Data center cooling is an important aspect of data center planning and management. While individual devices (and device clusters) inside of the data center often have self-contained cooling resources, when you pack enough hardware into a limited space, those cooling systems can be strained.
Often, the best answer is to cool the entire facility more effectively. That’s the concept of data center cooling. You keep the building cooler, and this helps with heat management across the board.
Specifically, there are five key benefits that stem from planning around data center cooling.
Uptime
Data centers push equipment hard. They cram a lot of hardware into limited spaces, and they often run at capacity. That generates a lot of heat, and as you already know, excessive heat buildup can impact server performance.
Without data center cooling, it’s often necessary to rotate bits of equipment to manage temperatures. Sometimes, entire segments have to go offline in order to allow for heat dissipation.
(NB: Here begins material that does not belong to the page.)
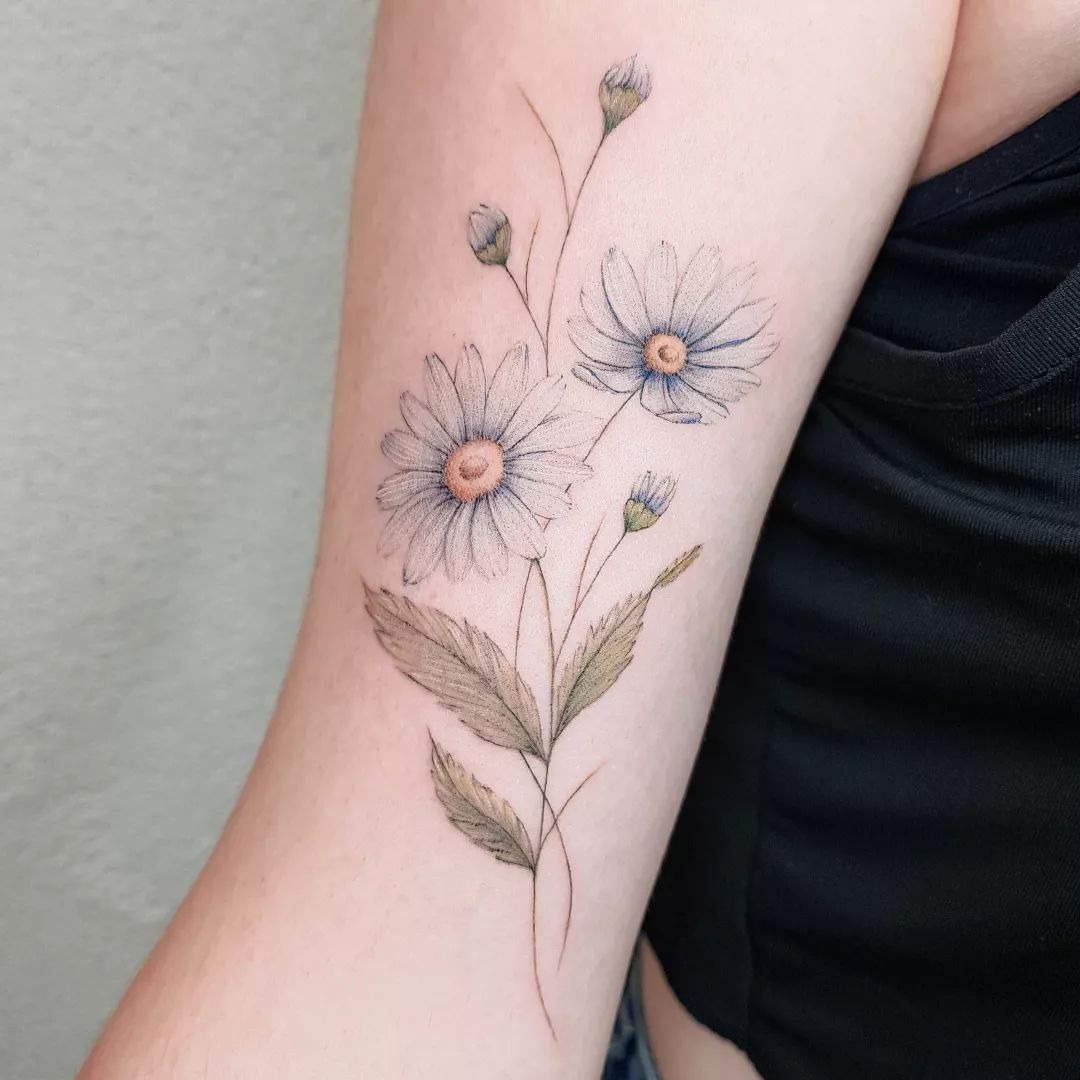 Top 107 Best Daisy Tattoos 2022 Inspiration Guide  Next Luxury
Effective cooling solves this problem. Heat has a hard time building up inside of the facility, and the efficiency of device cooling systems improves. Most importantly, you can avoid downtime associated with data center heat management.
Equipment Longevity
When the entire data center is cooler, the individual hardware components don’t have to work as hard to stay cool. Because they have cool air to pull in for cooling and cool air around the exhaust, there’s less overall heat that has to be managed at the component level.
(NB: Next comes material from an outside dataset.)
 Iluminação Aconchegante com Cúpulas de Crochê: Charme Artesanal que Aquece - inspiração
This means that cooling fans and circulators don’t have to work as hard, and over time, they last longer as a result.
Much more importantly, you get better electrical efficiency at cooler temperatures. If data center cooling can help the servers maintain a lower average temperature, then the efficiency through the systems inside of those servers is better.
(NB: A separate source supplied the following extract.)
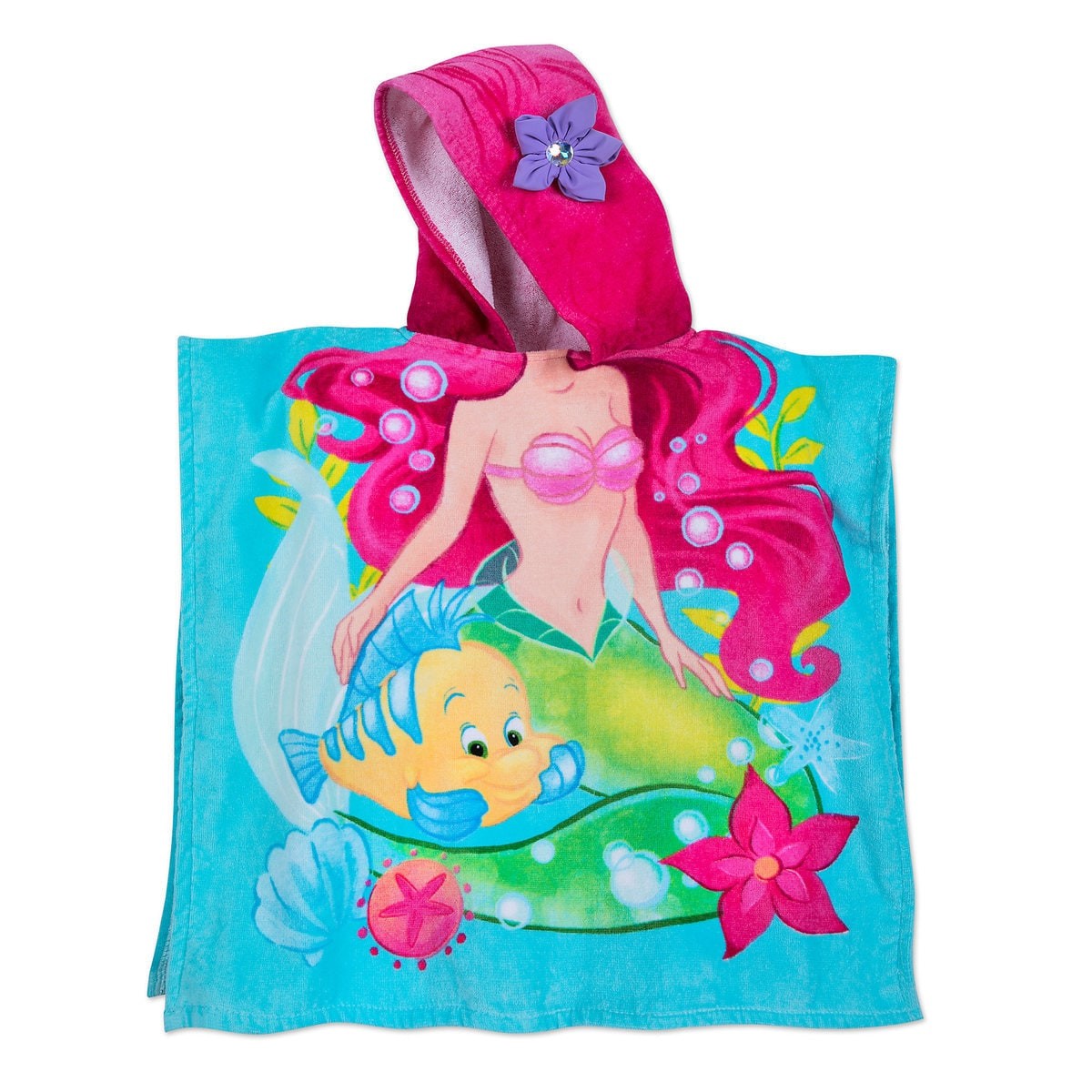 ผ้าเช็ดตัวพร้อมหมวกฮู้ดสำหรับเด็ก Disney Ariel Hooded Towel for Kids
That reduces excess electrical resistance which can also slow down carbon scoring and other common sources of wear and tear. On multiple levels, data center cooling is helping your hardware last longer.
Cable Stress
You know the basics of cable management already. Labels and color coding help to keep track of everything and cables should not be arranged willy-nilly. And, while you already understand that stress is bad for cables, many network engineers still allow too much in their systems. The key to managing cable stress is the same as doing any job in the world: use the right tools.
Horizontal and vertical hangers are widely available. They’re an easy place to consider cutting costs, but more often than not, this is a mistake. The hangers help manage cable stress, and they almost always save money in the long run.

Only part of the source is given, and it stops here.